Taxation and behavioural economics

I have blogged in earlier posts about the relevance of behavioural psyhology in formulating tax policies. Now, in a Brookings working paper, William J. Congdon, Jeffrey R. Kling, and Sendhil Mullainathan (via Freakonomics) explore the implications of deviations from the rational and self-interested utility maximizing agent of neo-classical economics due to cognitive biases and time-inconsistency problems, on tax policy.

They argue that imperfect rationality of human beings means that they choose sub-optimally, bounded self-control comes in the way of their realizing their intentions, non-standard preferences means that they care about the welfare of others and fairness and form their preferences around reference points (both in time and space).

Contrary to convetional wisdom that advocates simplicity in tax policy, behavioural psychology leads us to favoring certain types of nuanced complexity, especially in promoting welfare and fairness. For example, sales taxes (which are not posted on the good sold) and electronic toll fees (through E-Z Pass) are not salient and therefore pass through un-noticed, separately identified taxes to fund specific benefits are easier to levy, tax credits enable targetting and thereby optimize provision of subsidies.

They also point to the possibility of leveraging the automaticity inherent in tax administration (like deduction at source, and simplicity of tax filing channels) especially to take advantage of the imperfect rationality of tax payers. This can be used to facilitate automatic access to transfers and certain types of direct subsidies along with tax filings, encourage retirement and personal savings (eg channel tax refunds into default savings accounts), and have opt-out insurance policies.

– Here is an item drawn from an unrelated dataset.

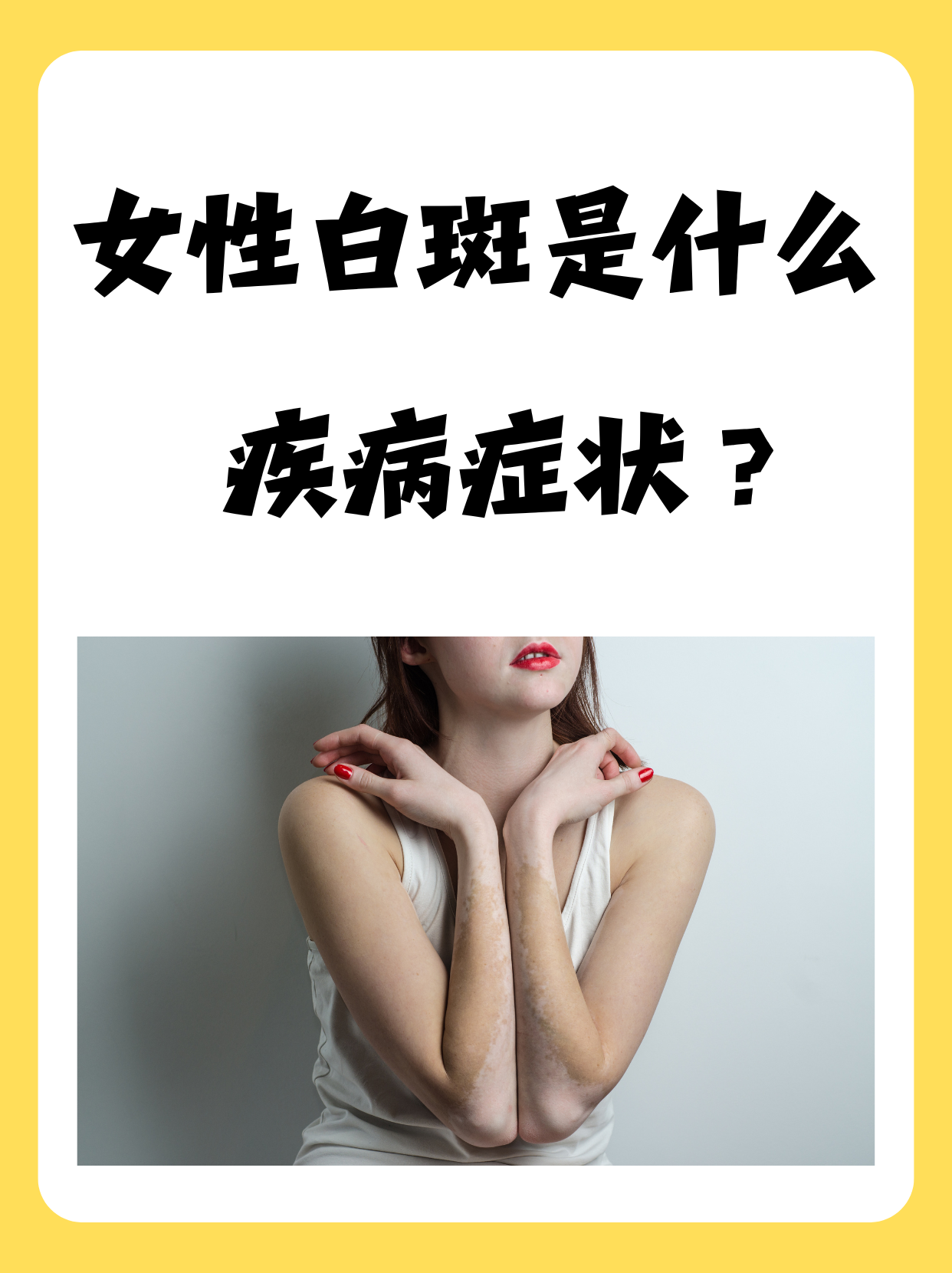 什么是白癜风病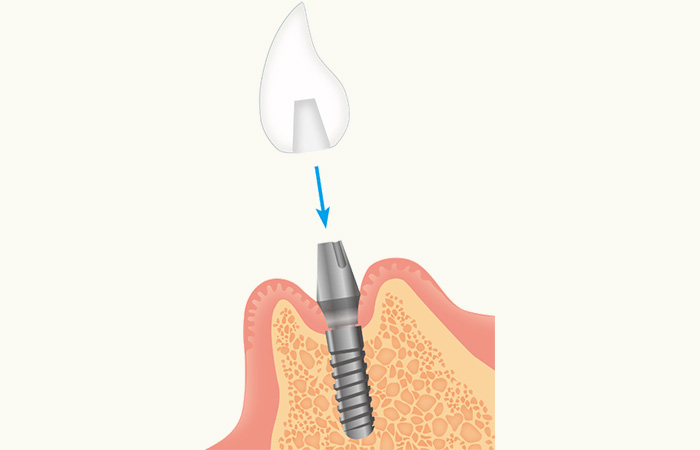インプラント治療の流れ_人工歯の型取りと仮歯の装着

About the relevance of such behavioural deviations from standard assumptions for fiscal policy, they argue that tax cuts presented as "bonus" might be more likely to be spent than tax cuts presented as a "rebate", since when individuals perceive the tax cut as a gain (a 'bonus') rather than as a foregone loss (a 'rebate'), they are more likely to spend the tax cut. Further, there is evidence that tax cuts delivered through reduced (monthly) withholding, as against lump-sum rebate or bonus, is more likely to be spent.